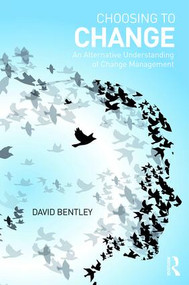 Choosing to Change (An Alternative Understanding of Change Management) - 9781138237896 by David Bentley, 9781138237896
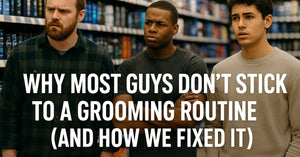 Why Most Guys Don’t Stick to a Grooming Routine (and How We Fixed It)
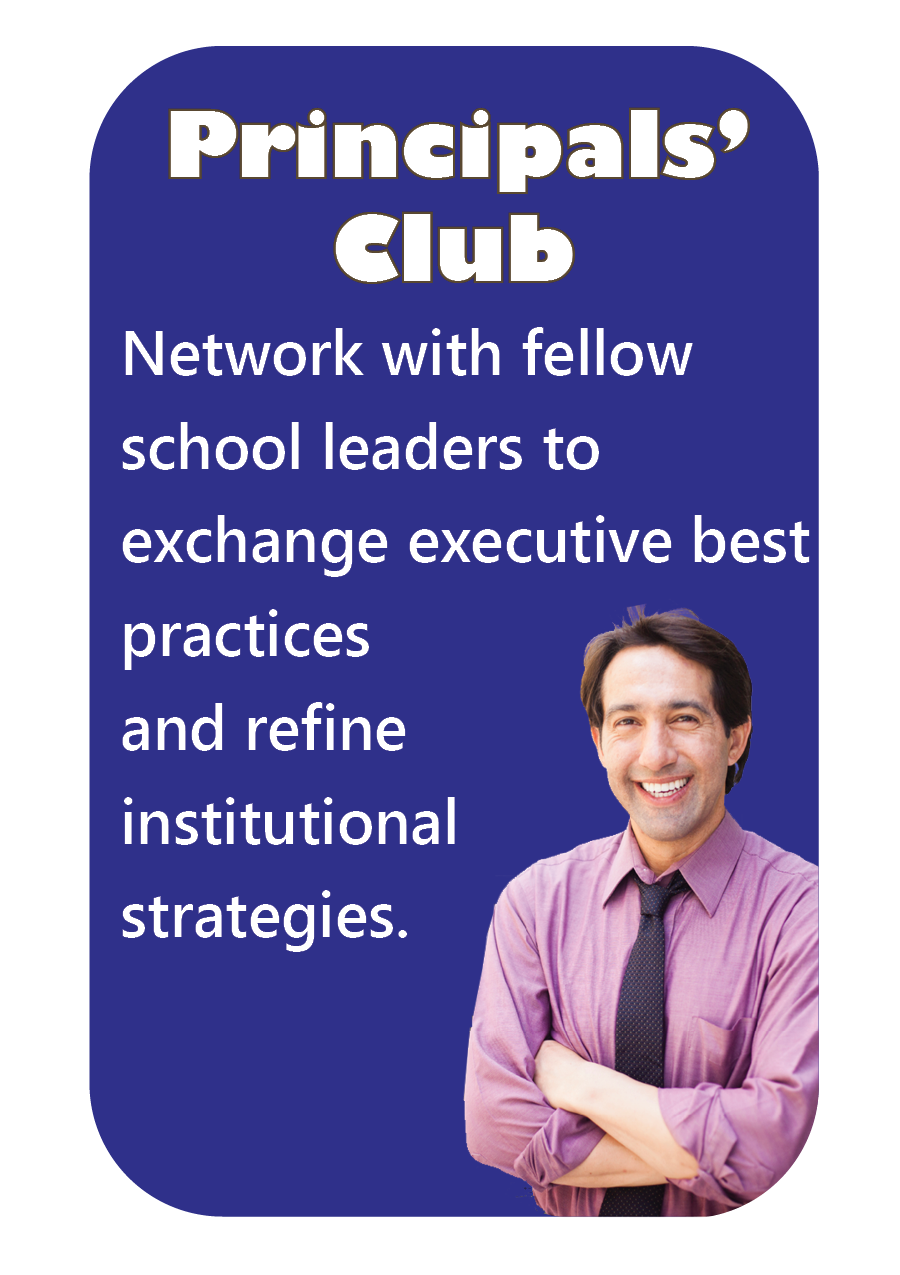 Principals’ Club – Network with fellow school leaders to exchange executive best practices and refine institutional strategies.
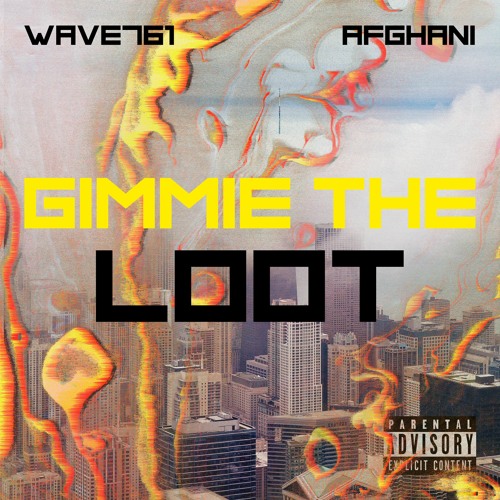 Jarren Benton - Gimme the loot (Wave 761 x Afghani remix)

++++++++++++++++++++

- **To do**:
Whatever lies between the first line of the data and the line holding "Principals’ Club –", inclusive, should be repeated exactly, apart from the pictures.

- **Answer to this problem**:
 Choosing to Change (An Alternative Understanding of Change Management) - 9781138237896 by David Bentley, 9781138237896
 Why Most Guys Don’t Stick to a Grooming Routine (and How We Fixed It)
 Principals’ Club – Network with fellow school leaders to exchange executive best practices and refine institutional strategies.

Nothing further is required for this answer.